> WORK REQUIRED
Each line, starting at the one with "TOYOTA YARIS 2012-2015" and running to the end of the data below, is to be set down again exactly, both ends included; leave pictures out.

::::

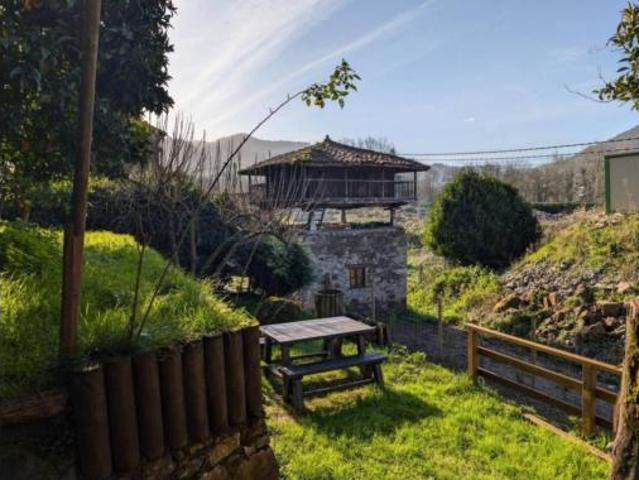 Casa en venta en Salas, Cornellana / Corniana
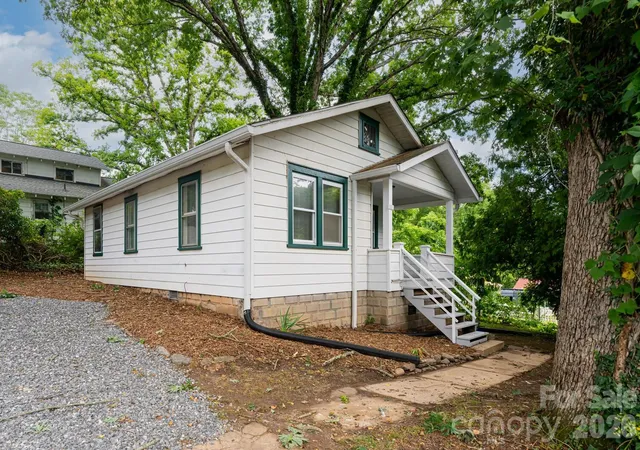 1st image of 26 First St, Asheville, NC 28803 | MLS# 4416168
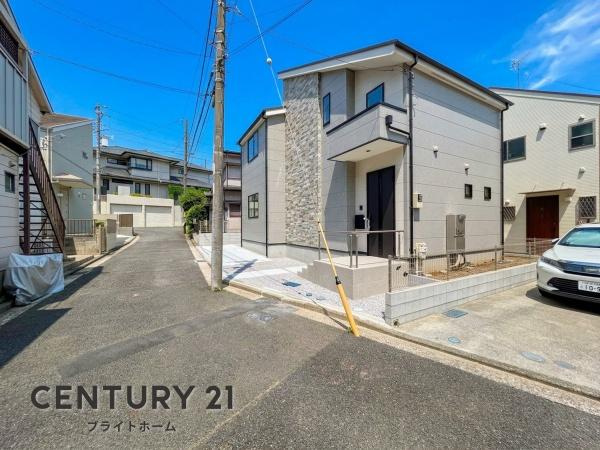 横浜市鶴見区梶山１丁目の新築一戸建の前面道路含む現地写真|前面道路が広いので、安心して駐車可能です！
是非現地へお越しください。
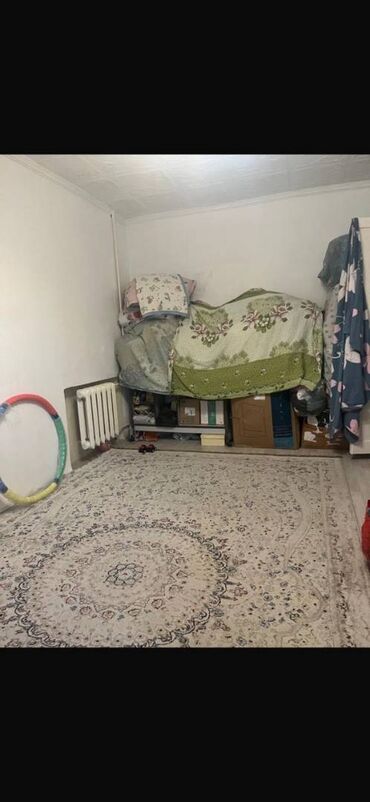 строим дом: 1 комната, 28 м², 4 этаж, Старый ремонт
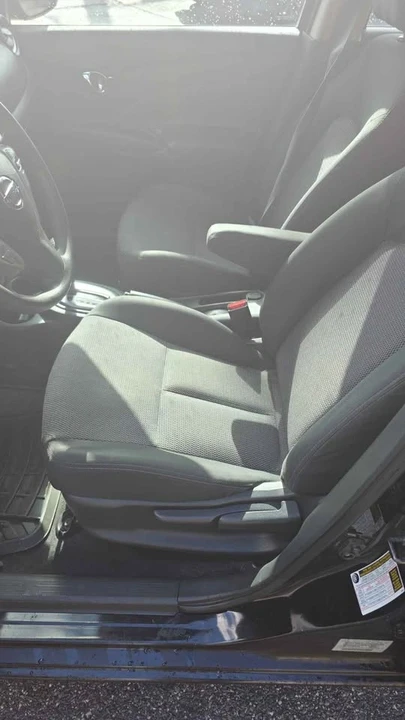 2019 Nissan Versa - Image 10 of 15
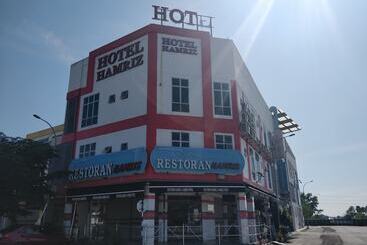 Oyo 90995 Hotel Nk Impian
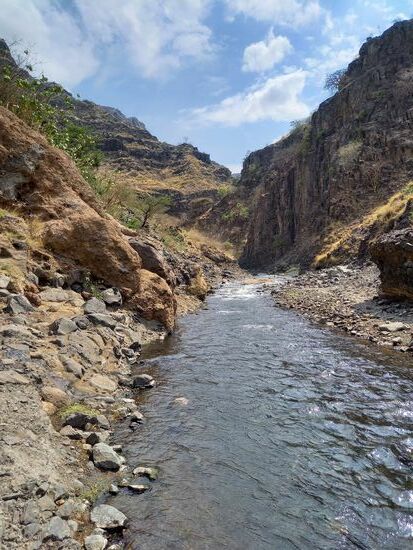 Dort geht es zum Wasserfall
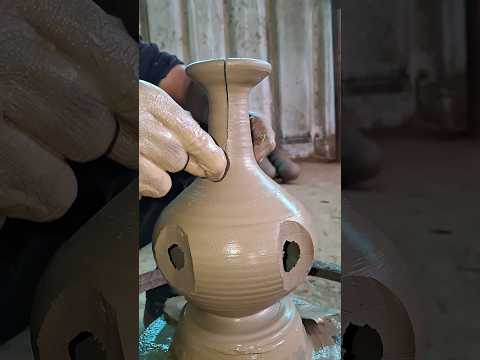 amazing claypot 👌 😊 ❤️ #shorts #short #pottery #youtubeshorts #clay #USA #Canada #unaitedstate #art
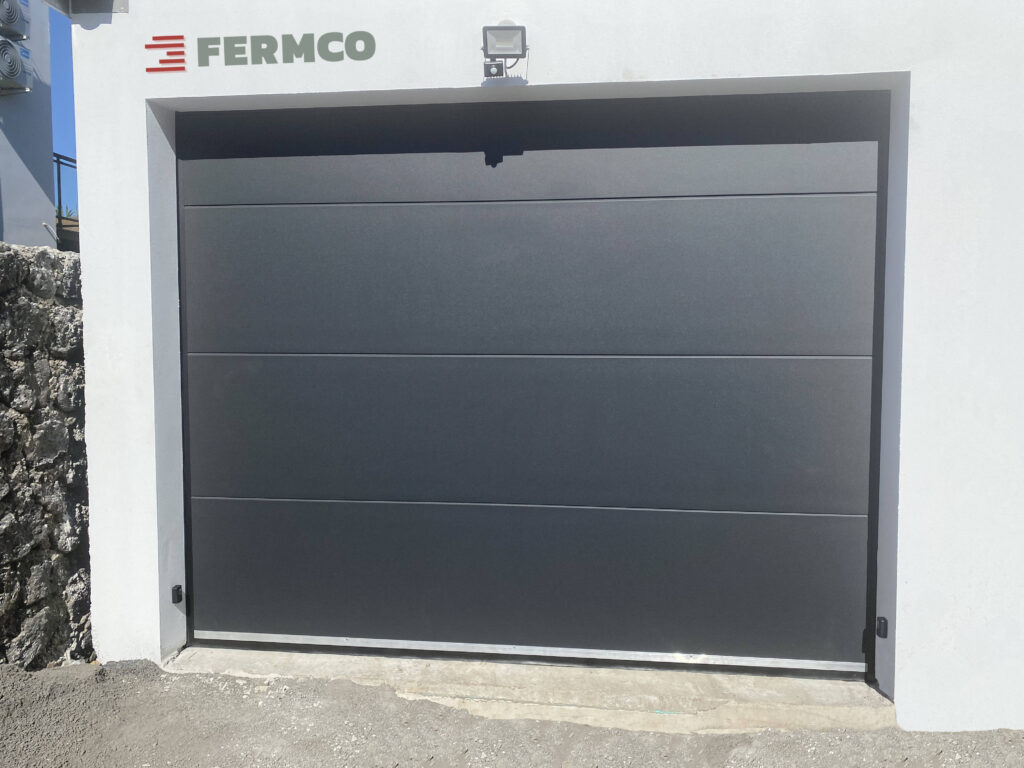 Réalisation pose porte de garage FERMCO à la Réunion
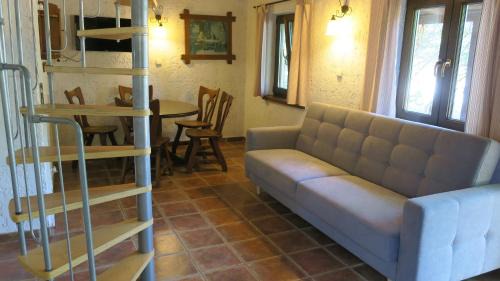 Czarny Mlyn Cabin | Osada pod Czerwonym Dębem - Czarny Młyn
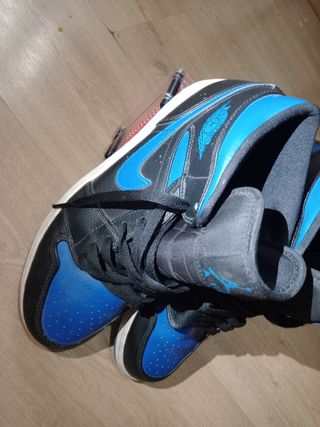 Zapatillas Jordan Air Negras y Azules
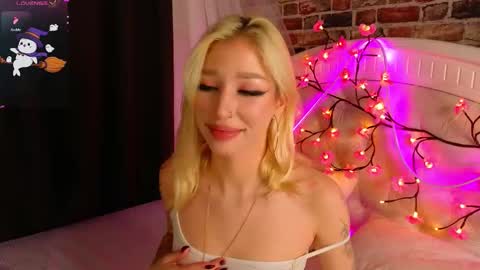 Sally Blonde  Katrinbrown online show from November 8, 2025, 5:51 am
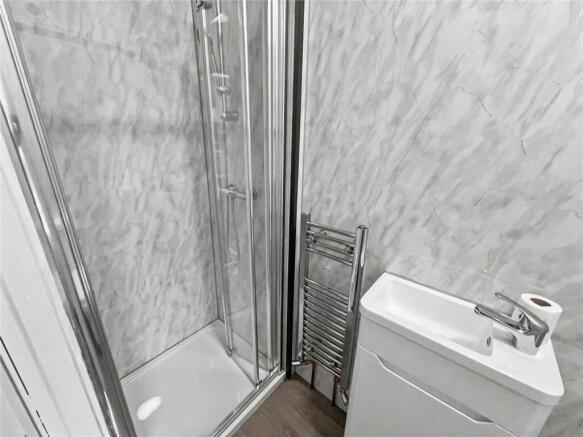3 bed Terraced to rent Image 5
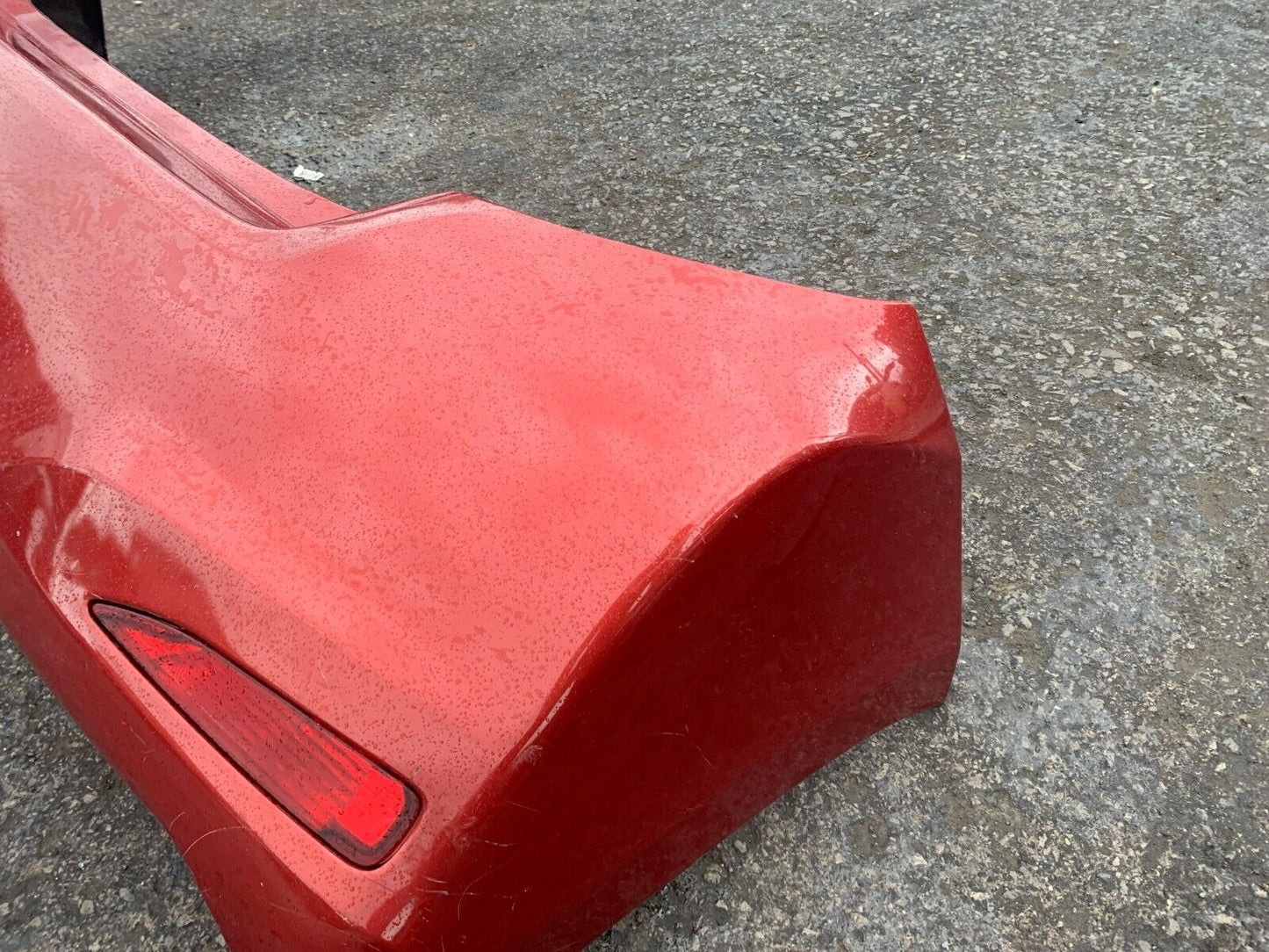 TOYOTA YARIS 2012-2015 PRE-FACELIFT GENUINE REAR BUMPER IN RED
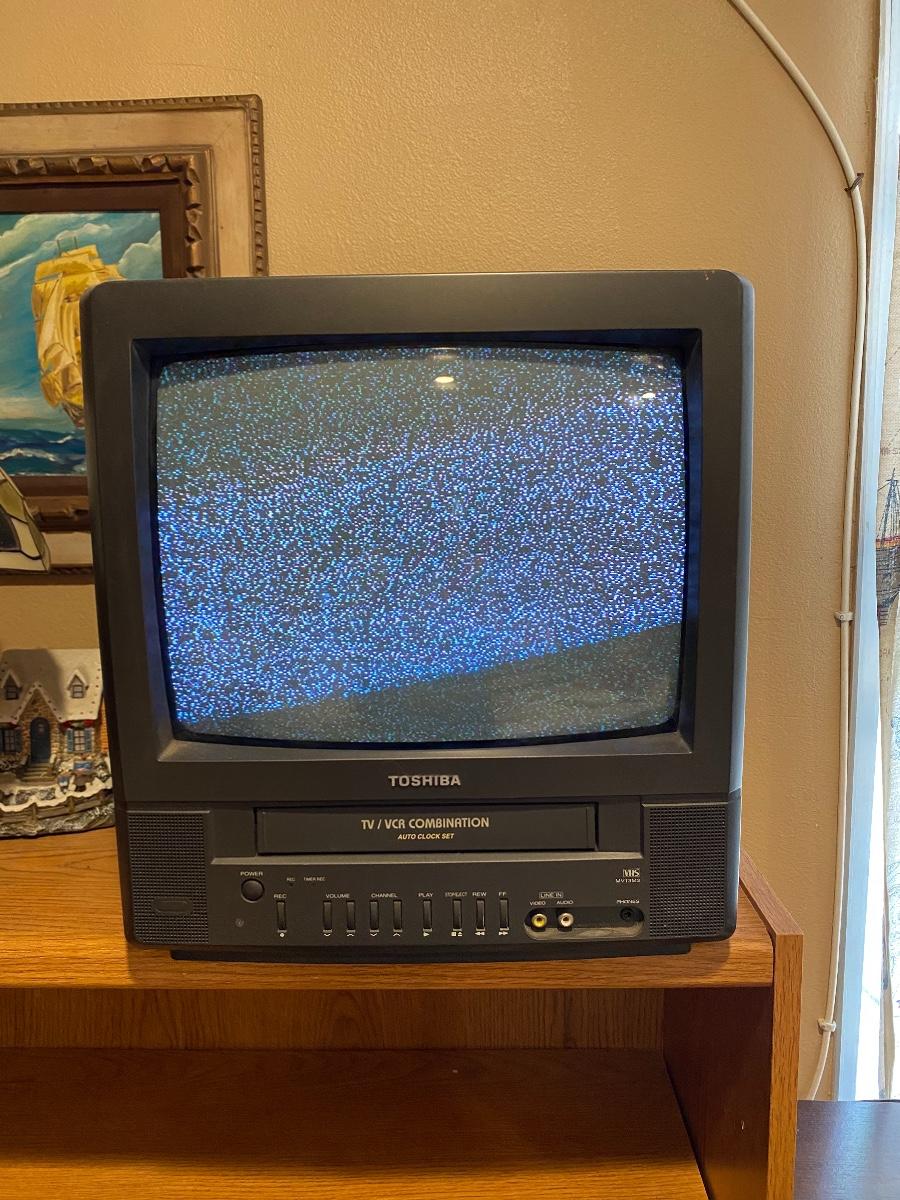 Vintage Toshiba VCR TV Combo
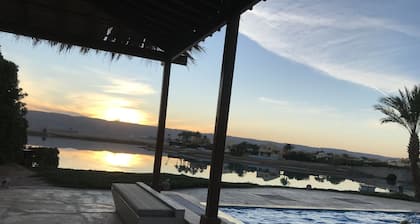 große Villa mit beheiztem Pool direkt am Lagunenstrand mit eigenem Badesteg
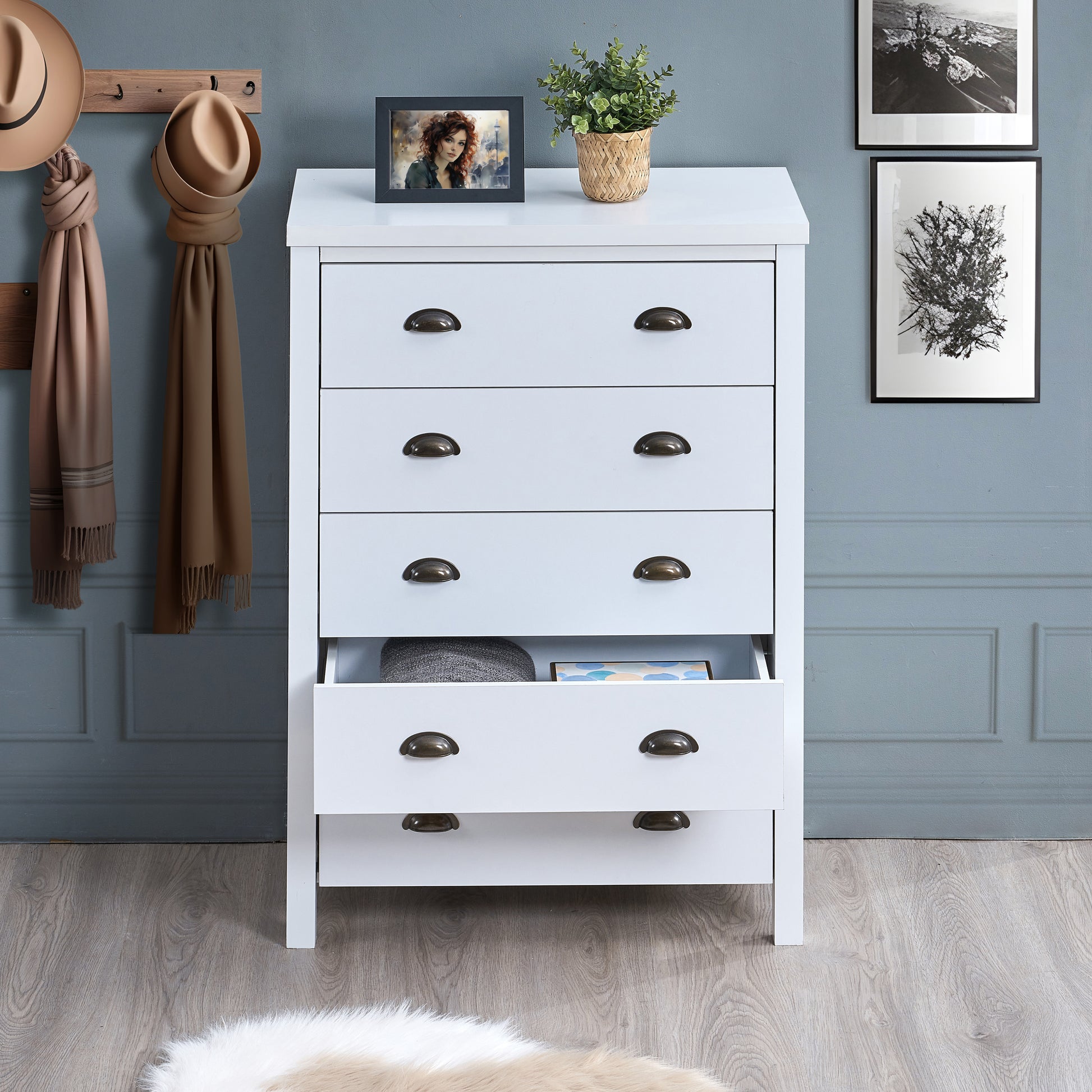 Safari 5 Drawer Chest With Interlock Drawer Feature Drawer Slide And Interlock Pre Assembly, Drawer Chest For Closet Tall Dressers For Bedroom Clothes Organizer Tool Easy Assembly, Classic White Off White White Bedroom American Design,American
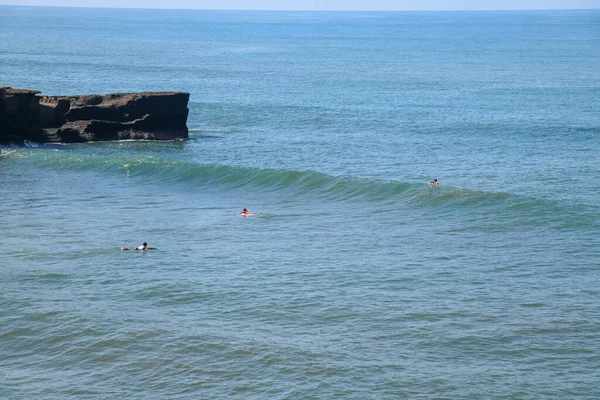 Mannen Wetsuits Met Een Surfplank Een Zonnige Dag Het Water — Stockfoto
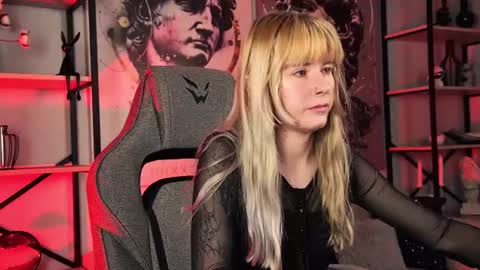 Snapshot of lexiwenford chatting on 06-22-26, 04:20 Lexi Wenford NO NUDE GODDESS online show from 06-22-26, 04:20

::::

> FINISHED TASK
 TOYOTA YARIS 2012-2015 PRE-FACELIFT GENUINE REAR BUMPER IN RED
 Vintage Toshiba VCR TV Combo
 große Villa mit beheiztem Pool direkt am Lagunenstrand mit eigenem Badesteg
 Safari 5 Drawer Chest With Interlock Drawer Feature Drawer Slide And Interlock Pre Assembly, Drawer Chest For Closet Tall Dressers For Bedroom Clothes Organizer Tool Easy Assembly, Classic White Off White White Bedroom American Design,American
 Mannen Wetsuits Met Een Surfplank Een Zonnige Dag Het Water — Stockfoto
 Snapshot of lexiwenford chatting on 06-22-26, 04:20 Lexi Wenford NO NUDE GODDESS online show from 06-22-26, 04:20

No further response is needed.